#### WHAT THE TASK REQUIRES:
Beginning with the line that holds "Santa Coffee Mug" and ending with the last line of the entries below, copy every line exactly and nothing else, with the pictures left out.

....................

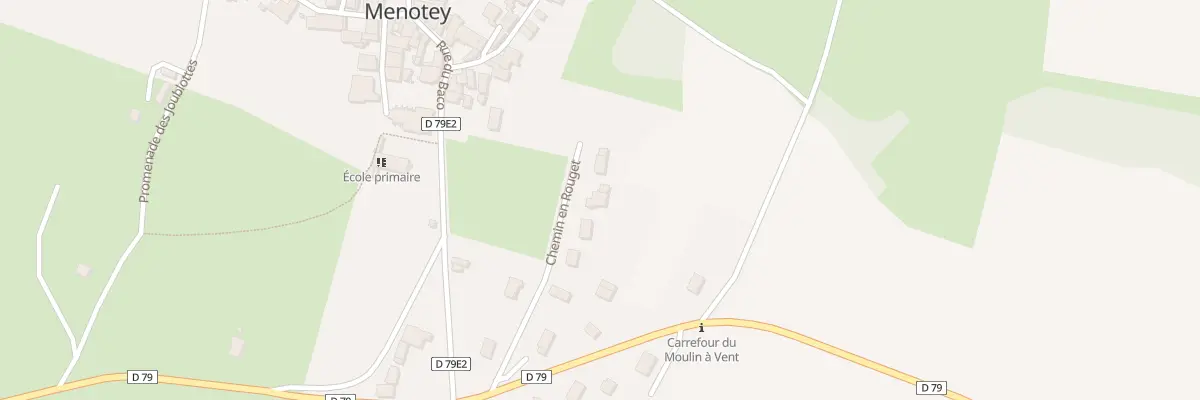 Plan du 10 Che En Rouget à Menotey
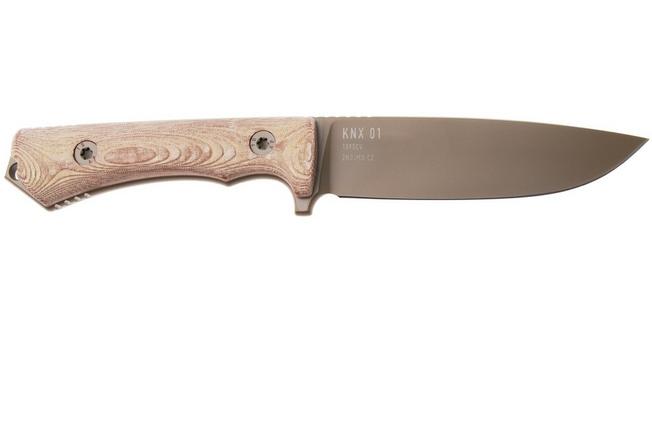 Afbeelding voor KA-BAR NX.01 Flat Dark Earth Cerakote, Brown Natural Textite, vaststaand survivalmes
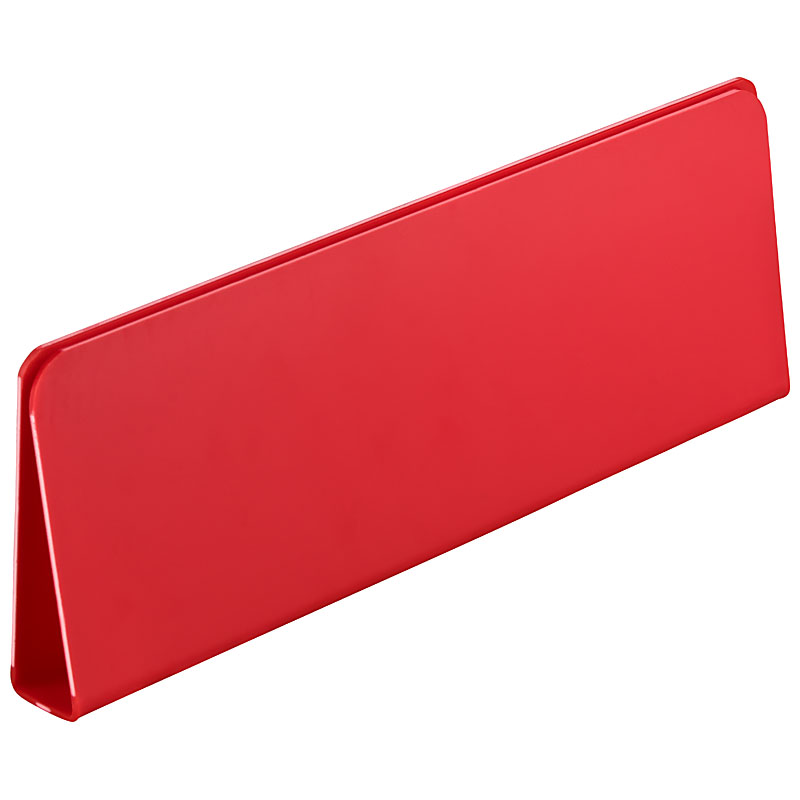 Klemmschild für Sonnenblende, 29,5x10cm, rot, unbeschriftet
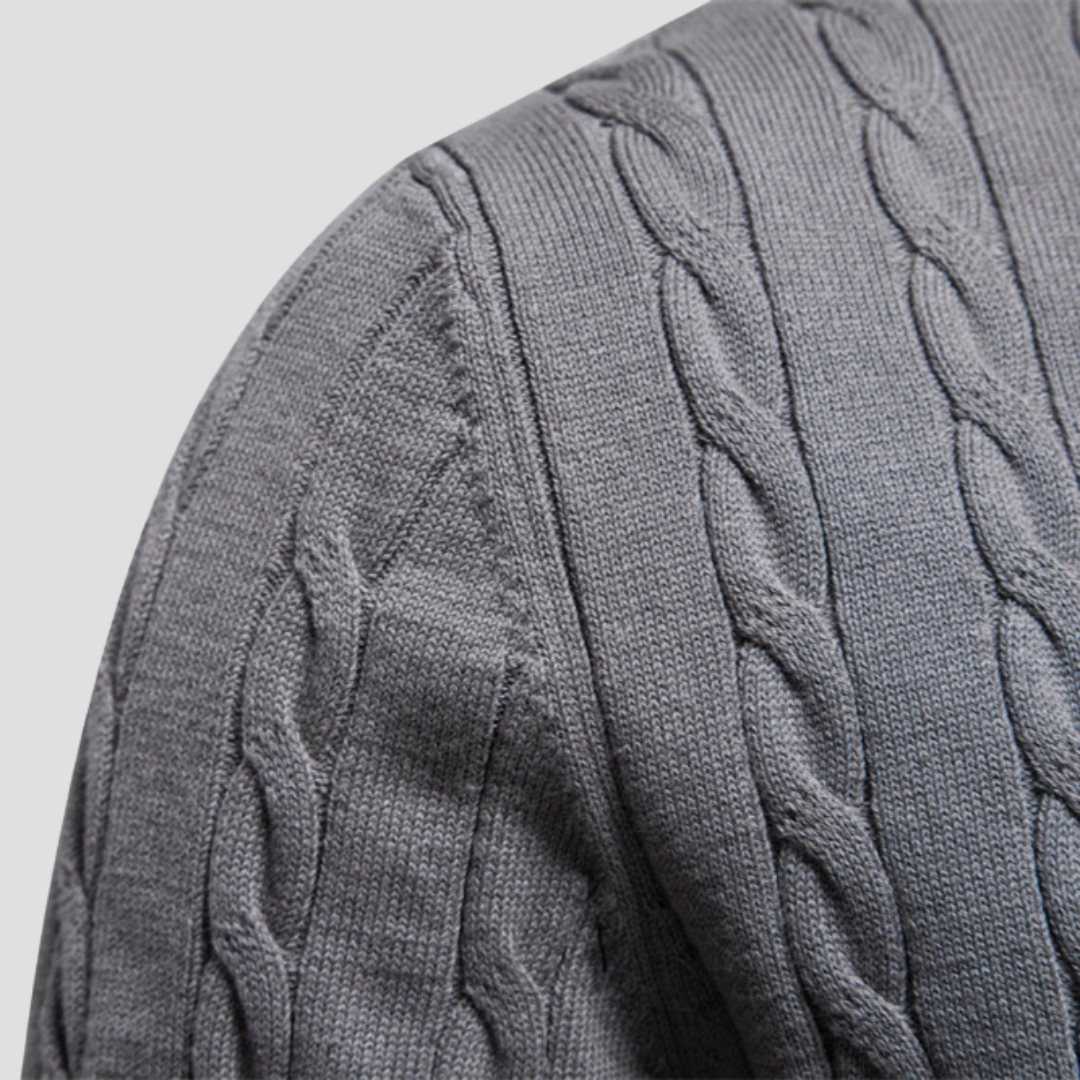 Réjean | Pull Col Rond en Maille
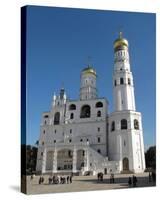 Ivan the Great Bell Tower at the Cathedral Square on the grounds of the Moscow Kremlin, Moscow-null-Stretched Canvas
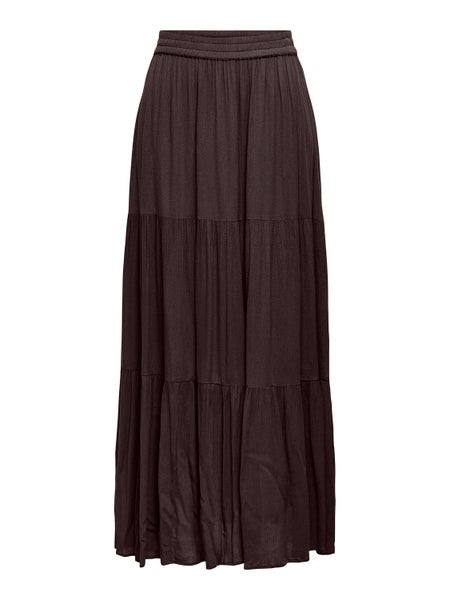 ONLMikka Long Skirt, Black Coffee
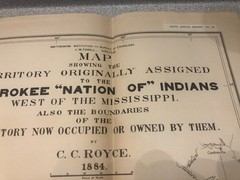 Smithsonian 5th Annual Ethnology 1883-1884 Burial Mounds, Cherokee Nation Maps
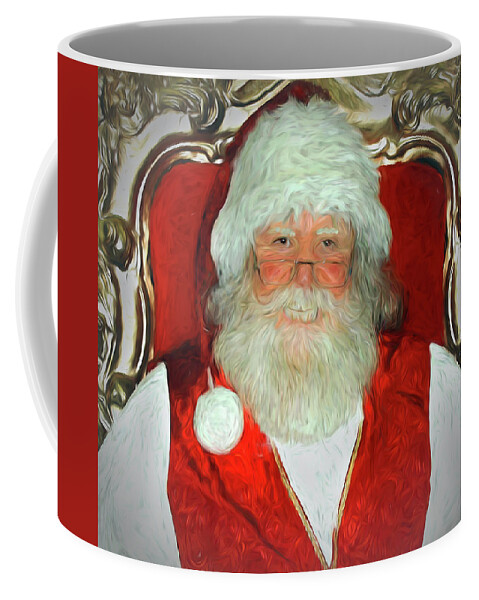 Santa Coffee Mug featuring the photograph Santa Smile by Art Cole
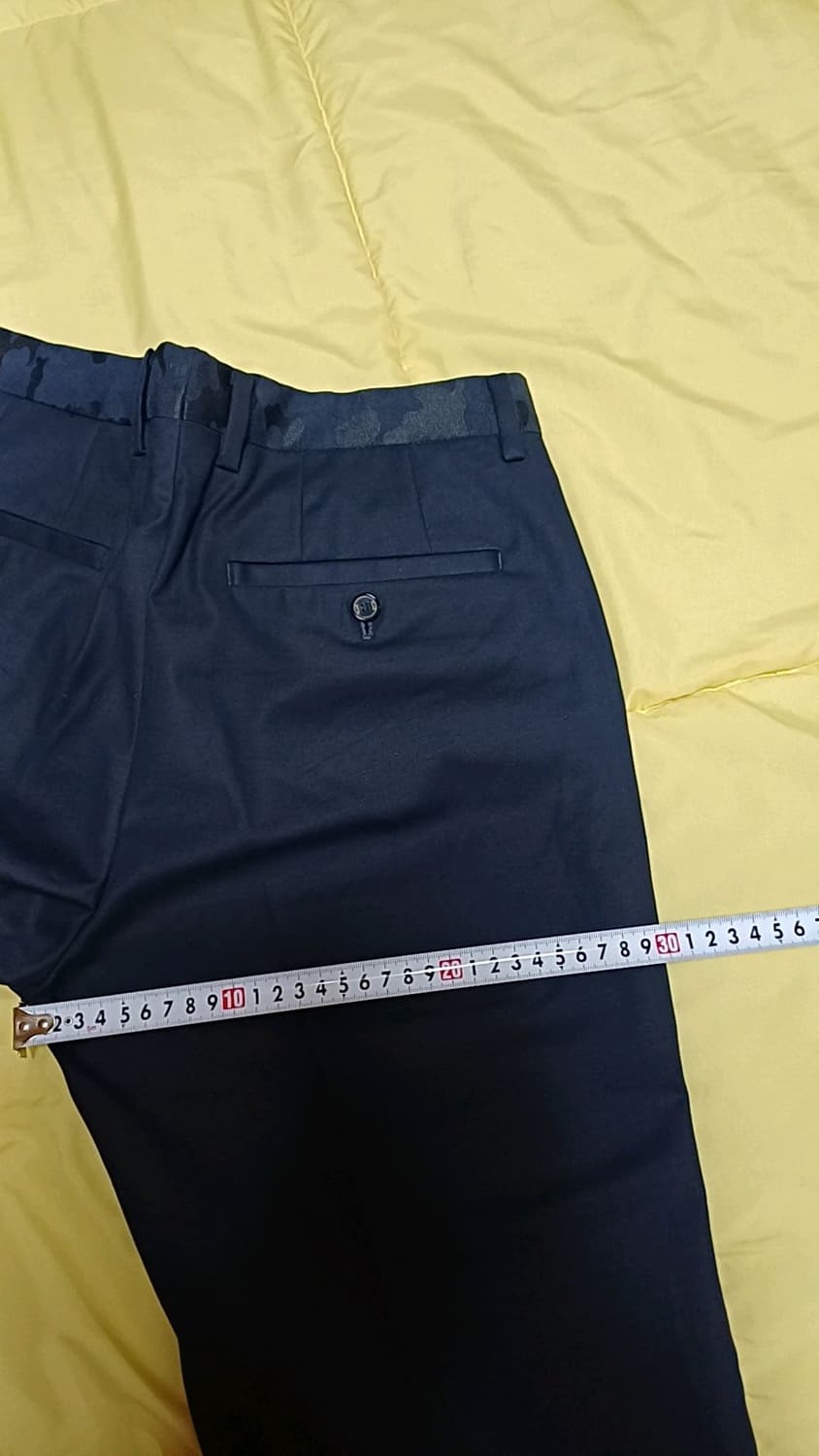 플랙 미사용 스판면바지 실측31인치 기장99 상품이미지8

....................

#### WRITTEN SOLUTION:
 Santa Coffee Mug featuring the photograph Santa Smile by Art Cole
 플랙 미사용 스판면바지 실측31인치 기장99 상품이미지8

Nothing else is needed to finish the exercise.